Acredito que a escolha de keynotes tenha sido a parte mais fácil. Cada um colocou suas sugestões assincronamente e quem estava na reunião defendeu sua escolha. Cada pessoa da organização escolheu suas 5 keynotes e a grade ficou linda. Quatro mulheres, um homem e uma pessoa não-binária. Sendo que metade dessas pessoas são negras. E não digo isso para colher "os louros da diversidade". Já estava passando da hora de ter essa representatividade entres as pessoas palestrantes principais.
As trilhas receberam nomes de mulheres, por inspiração de uma palestra da Clara Nobre, já citada. Entretanto, em algum momento, achei que seria legal usar o nome de mulheres atuais da nossa comunidade. Quando apresentei a primeira versão, recebi um "tu não acha que essa lista tá muito branca?" vindo da Ana Cecília. E agradeço profundamente por ter alguém na organização que percebesse isso. Então fiz outra lista, destacando as quatro mulheres que eu escolheria, sendo que a quinta foi escolhida pelo Gabriel (Gabu) Bellon.
Eu não queria holofotes sobre quem eram essas mulheres. Queria que as pessoas pesquisassem e descobrissem o que tinham em comum, além de serem super importantes para a tecnologia. Faltei explodir de alegria quando o Felipe Morais percebeu. Tinha mais duas características escondidas: uma das mulheres é colombiana, escolhida para nomear a trilha de espanhol, e outra é trans. E, mais uma vez, explico isso tudo não para mostrar a organização como desconstruída, mas para mostrar a necessidade de pensamentos e vivências diferentes. A nível de curiosidade, as mulheres escolhidas foram: Shirley Ann Jackson, Marie Van Brittan Brown, Timnit Gebru, Angelica Ross e Bonnie Prado Pinto.
E como nem tudo são flores, tivemos alguns incidentes durante o evento. Adianto que a equipe de resposta a incidentes do Código de Conduta já está ciente de todos eles. Nesse ponto, gostaria de destacar dois. O primeiro, logo na segunda-feira, foi um homem que perguntou "não posso participar do AfroPython só porque sou branco?". A resposta curta: "entendeu certo, não pode". Mas falamos que existem muitos grupos de programação e nós não precisamos ocupar todos eles. O segundo caso foi de um homem que queria a todo custo participar da Assembleia das PyLadies, alegando que queria saber como ajudar. Aqui houve um debate mais acalorado, já que existem vários conteúdos feitos pela rede de comunidades e, mesmo assim, ele queria invadir nosso espaço seguro. Por que citar isso? A organização foi composta por 11 mulheres e 8 homens. Entretanto, a maior parte era branca e cis, tendo uma pessoa não binária. Mesmo sendo diversa, ainda não foi diversa O SUFICIENTE. O ideal seria agir antes mesmo que os incidentes aconteçam, mas é difícil fazer isso quando nós não presenciamos e nem ouvimos falar de histórias semelhantes. Claro, isso é falta de estudo da nossa parte. É um ponto a ser melhorado.

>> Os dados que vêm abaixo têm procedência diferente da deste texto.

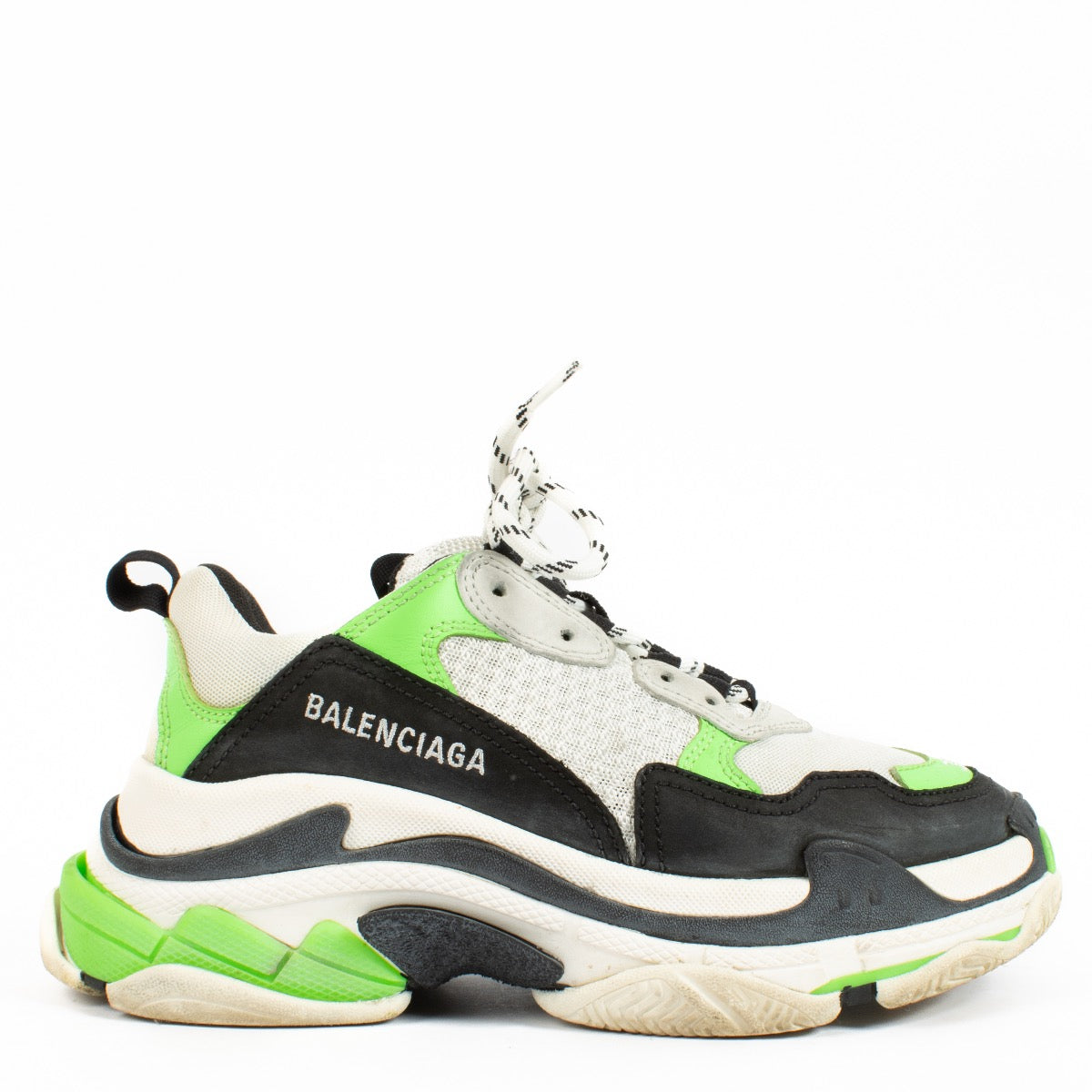 Buy authentic second hand Balenciaga Lime Black Triple S Sneakers - Size 37 at Labellov.com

Mesmo que, no meu ponto de vista, a edição deste ano tenha sido mais inclusiva e diversa do que nos anos anteriores, ainda existem grupos que não conseguimos alcançar. Simplesmente não sabíamos como chegar nas pessoas sem parecer "as empresas que só lembram das PyLadies no dia da mulher", parafraseando a Ana Dulce. Então, fica aqui o apelo: caso você faça parte de um grupo historicamente sub representado na nossa comunidade Python, participe da organização. Por mais que tentemos fazer do evento um lugar seguro e inclusivo para todas as pessoas, nem sempre temos as vivências necessárias para que isso aconteça. Não podemos apagar o passado, mas estamos trabalhando para que ele não se repita. Vem construir esse caminho também!